The Insolvency & Bankruptcy Code, 2016 (“the Code”) was introduced for reorganizing and restructuring entities on the verge of a collapse. While efforts are made to ensure the revival and continuation of a corporate entity through a resolution process, there are occasions when an entity could suffer corporate death by liquidation under Section 33 of the Code.

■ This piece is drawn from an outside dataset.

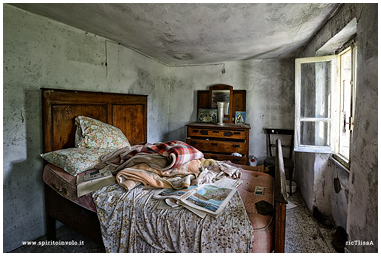 Fotografia di camera da letto a Borgo Filettino in Liguria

Upon commencement of liquidation, a liquidator is appointed who creates a liquidation estate held by him in a fiduciary capacity for the benefit of the stakeholders. This estate comprises of the following categories of assets:
- assets owned by the corporate debtor
- assets which may or may not be in the corporate debtor’s possession,
- tangible and intangible assets,
- assets where ownership is yet to be determined,
- assets underlying in avoidable transaction,
- asset relinquished by one or more secured creditor,
- proceeds of liquidation
Out of this pool of assets, some may be converted to cash quickly while for others realization may be a time taking process. Assets which are not easily convertible to cash and could take an indefinite waiting period for realisation are called ‘Not Readily Realisable Assets’ (“NRRA”). The explanation to Regulation 37A 1 of the Insolvency and Bankruptcy Board of India (Liquidation Process) Regulations, 2016 (“Liquidation Regulations”) defines NRRA as those assets in the liquidation estate which could not be sold through available options and includes contingent or disputed assets and assets underlying proceedings for preferential, undervalued, extortionate credit and fraudulent transactions.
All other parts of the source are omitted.